A food stall owner has been given permission to use a horsebox for his business despite concerns about the size of the outlet.
Paul Coster, who runs Crave Street Food, had applied to alter his street trading licence in Truro City Centre.
Mr Coster, who serves hot dogs and snacks in Pydar Street, currently operates from a gazebo in the street but had asked Cornwall Council to alter this so he could use a trailer instead.
However, his application had attracted objections from Truro City Council and Truro BID, which were concerned about the size of the trailer and whether it was suitable for the pitch in Pydar Street.
Mr Coster told a meeting of Cornwall Council’s street trading sub-committee that the horsebox he wanted to use was slightly longer than the gazebo but was narrower so would actually provide more space for pedestrians.
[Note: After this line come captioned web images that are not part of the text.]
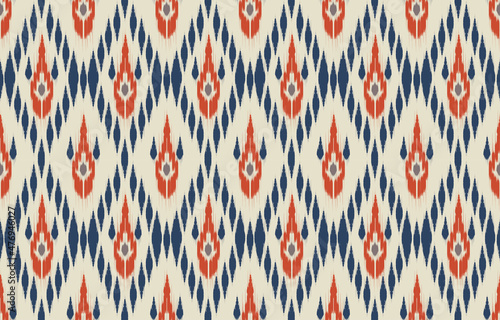 Beautiful Ethnic abstract ikat art. Seamless pattern in tribal,folk embroidery,and Mexican style.Aztec geometric art ornament print. Design for carpet,wallpaper, clothing,wrapping,fabric,cover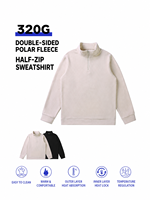 Sweatshirt Polar Fleece 320G Tebal Dua Sisi dengan Ritsleting Setengah, Unisex, Kerah Tegak, Hangat, untuk Pakaian Santai Luar Ruangan Musim Dingin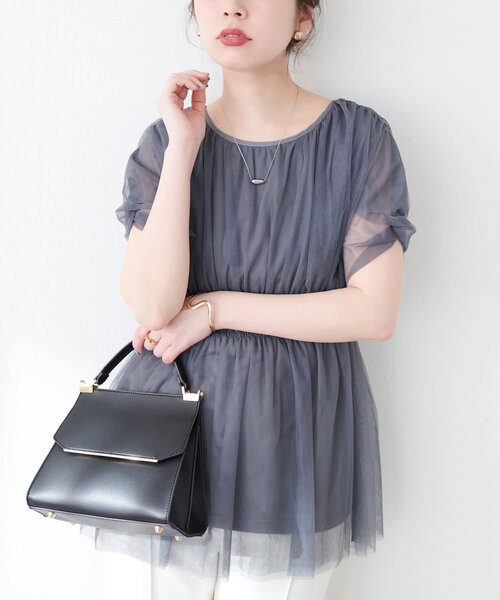 natural couture ブラウス シャツ osonoチュールレース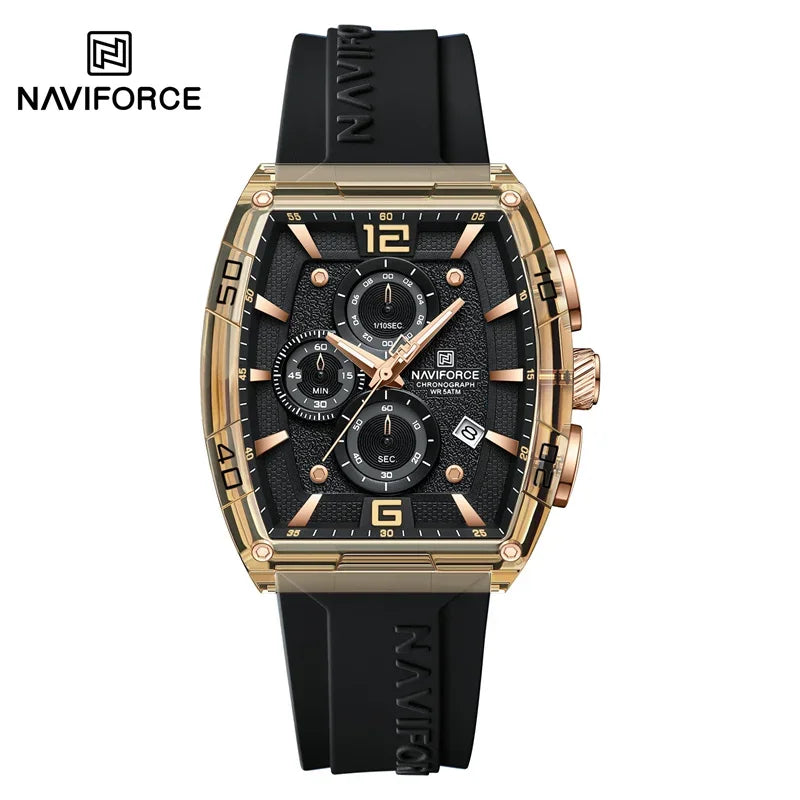 NAVIFORCE Original Watches for Men Waterproof Quartz Wristwatch Silicone Strap Luminous Date Male Watch Casual Reloj Hombre 2025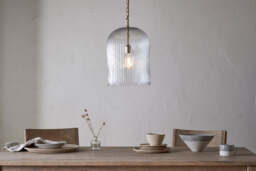 nkuku Lumina Fluted Recycled Glass Pendant - Lights - Large - Clear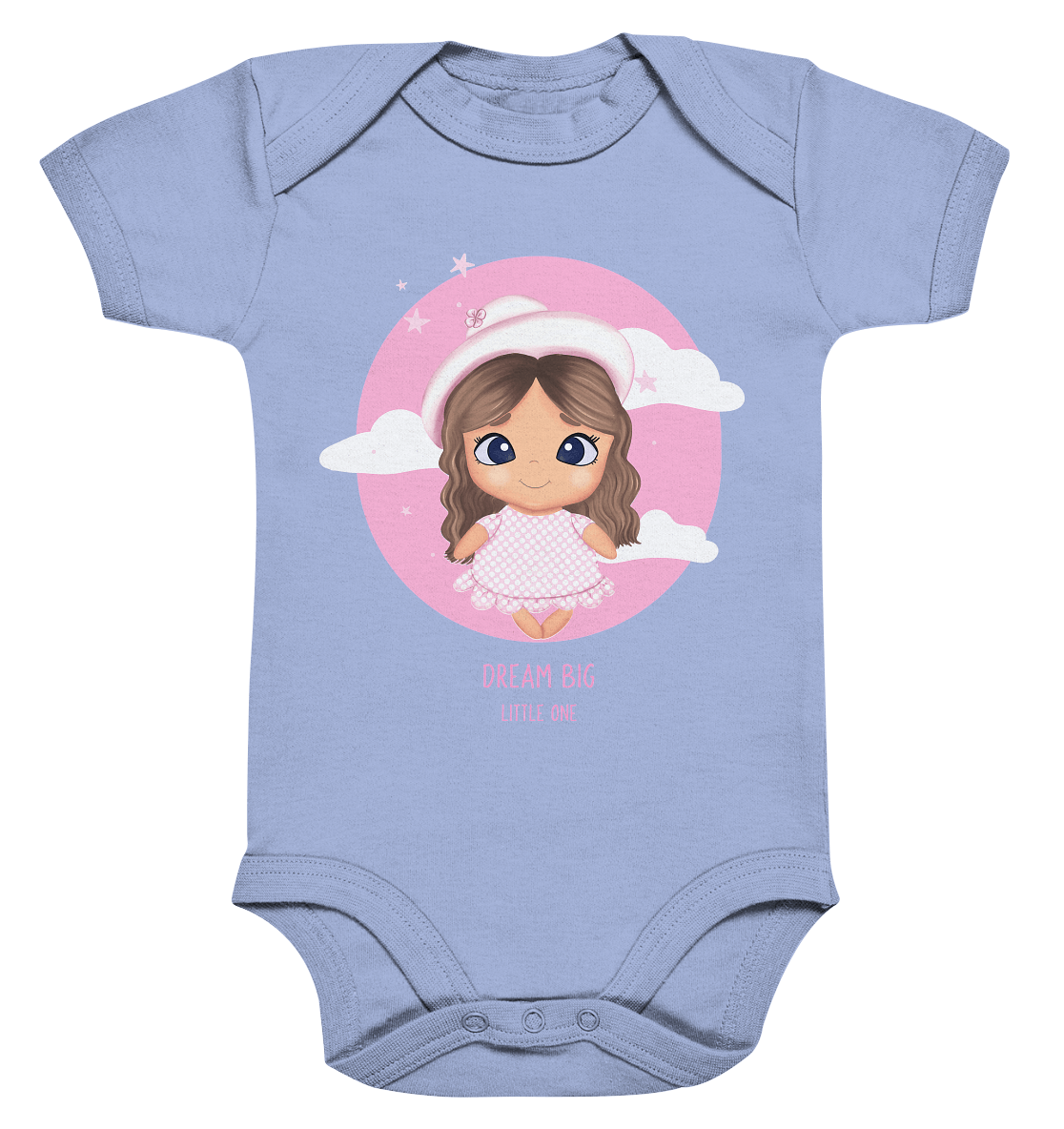 Cartoon Baby Strampler Dusty blau Dream Big little one mit kleinem Mädchen Print von BLOOMINIC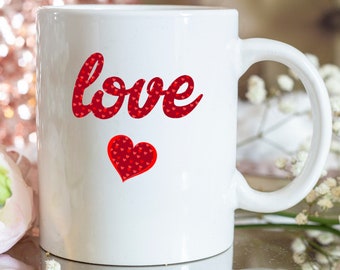 Love Heart Valentine's Mug for Wife, Gift for Bride, Girlfriend Birthday Mug, Anniversary Gift for Her, Love gift for Women, Red Heart Mug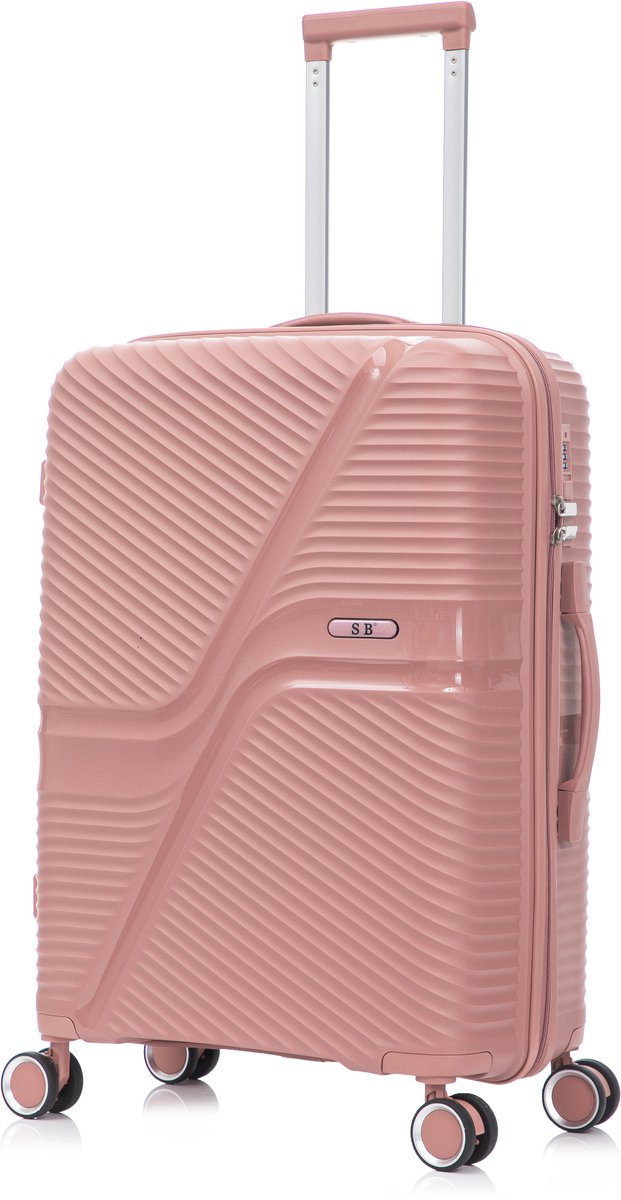 SB Travelbags Bagage koffer 65cm 4 dubbele wielen trolley - Rosegoud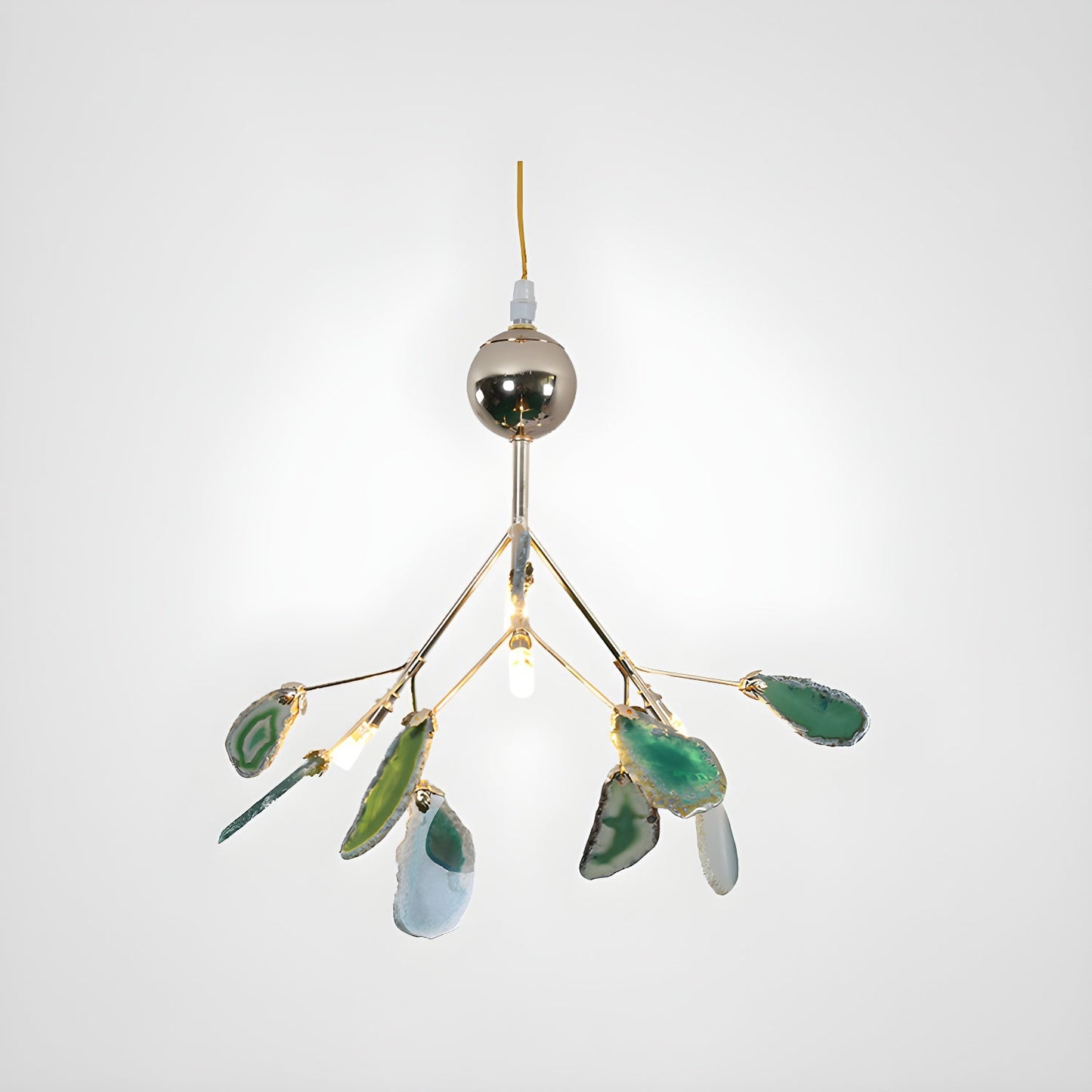 Elegant Agate Flake Chandelier with Adjustable Height & Soft Lighting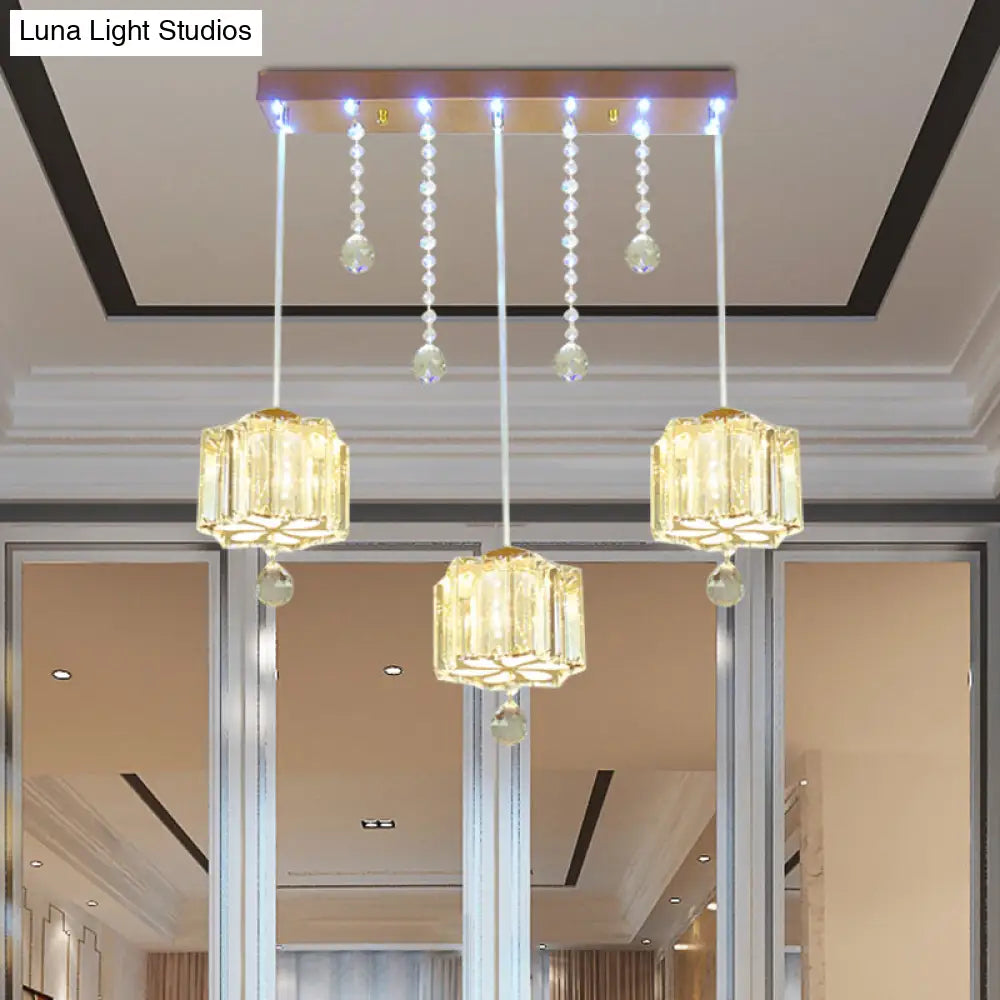 Contemporary Gold Blossom Multi Pendant Light Fixture With Crystal Faceted Bulbs And Linear Canopy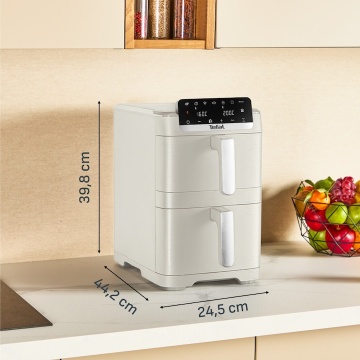 Friteuza dubla cu aer cald Tefal Easy Fry Crispy Stack EY752AE0, 2700 W, 10 L - Air fryer cu 7 programe automate, 2 compartimente, temperatura ajustab - Img 9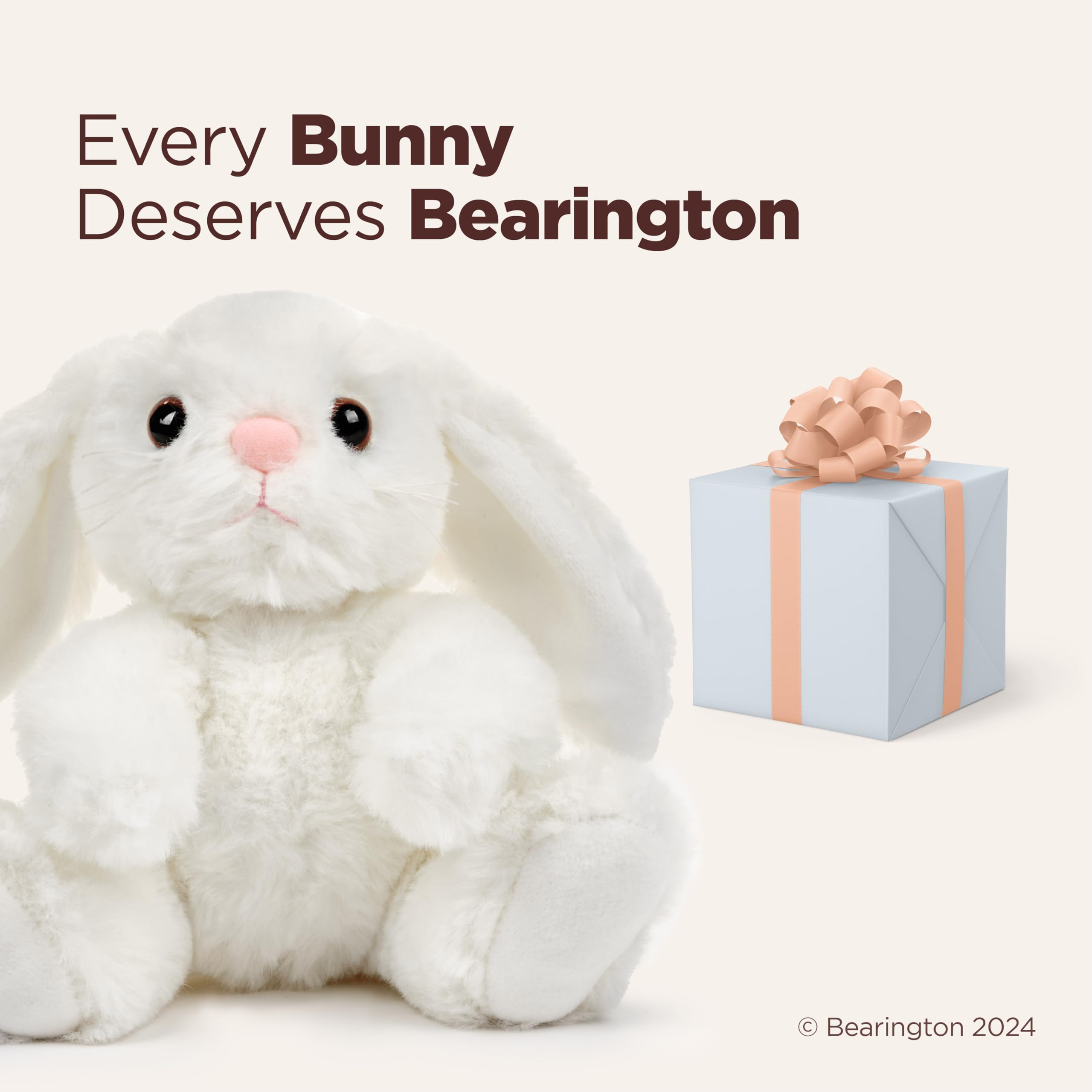Bearington Lil’ Whisker The Bunny Plush - 6 Inch Soft Easter Bunny Stuffed Animal Toy for Kids, Easter Basket Stuffers, Baby Shower Gift & Nursery Decor (Cute Grey Bunny Plushie) - Perfect for Easter Gifts, Spring Decorations & Children's Bedtime Cuddles
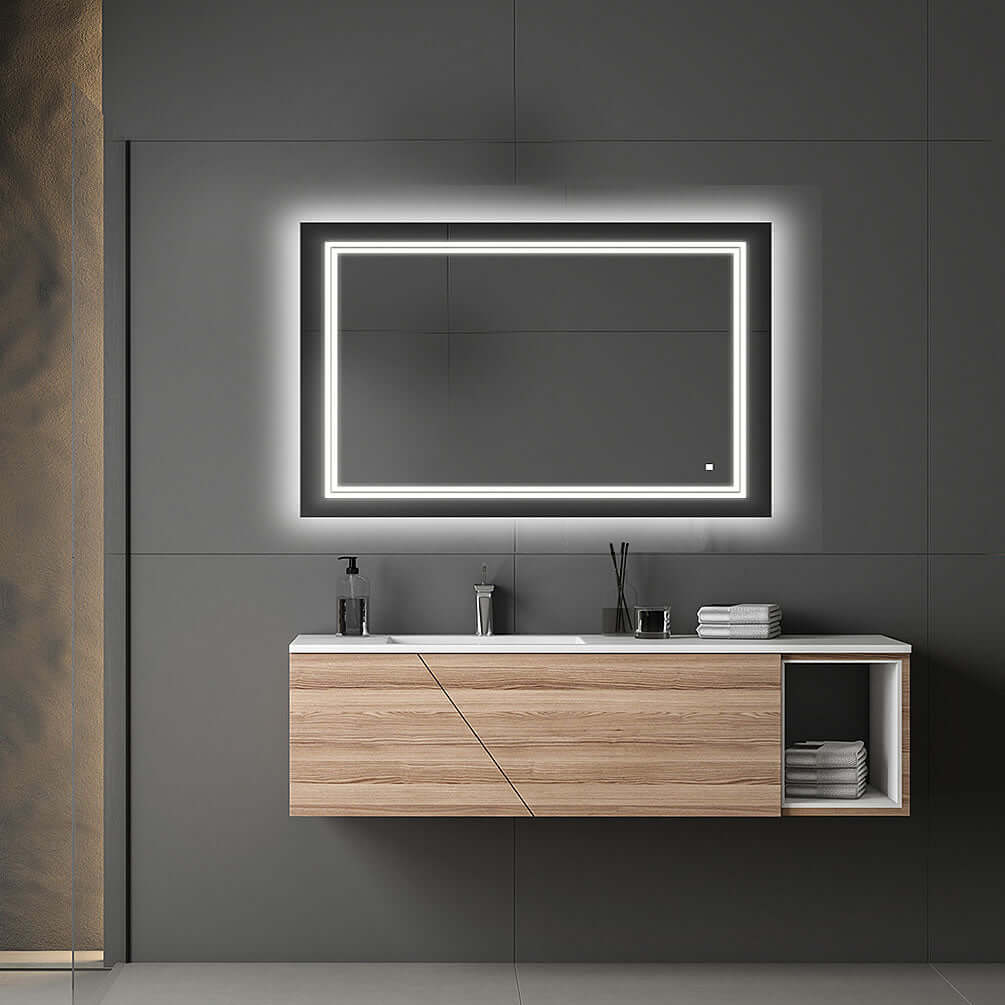SOHO Heated LED Bathroom Vanity Mirror - 9 Sizes to 48" Wide - Aquadom - Perfect Makeup Mirrors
He said that he wanted to have the ability to use the trailer as it would be better for when weather was poor and more suitable in the winter months. The application also sought to extend the times of operation to 10pm, but Mr Coster said that this would only apply on special occasions such as the Christmas late night shopping events in the city.
Mr Coster said that he felt that the horsebox would look better than the gazebo and that it would be welcomed by other businesses in the city. He said: “It is about creating a vibrant Pydar Street.”
Steven Webb, from Truro City Council, said he was concerned that if the licence was granted it could set a precedent and that other street traders would want similar trailers. He was also concerned that these could block the street.
Alun Jones, from Truro BID, said that he feared that allowing trailers into Pydar Street could block people from walking down the street and being able to see across the street to other shops.
He said: “It is almost a high street within the high street, we don’t think that is the ambience that we would want.”
However, the committee agreed to grant the street trading consent, saying it did not consider there was sufficient evidence to refuse the application. The committee noted the concerns but said that there would be no risk of precedent as every application would be considered on its own merit.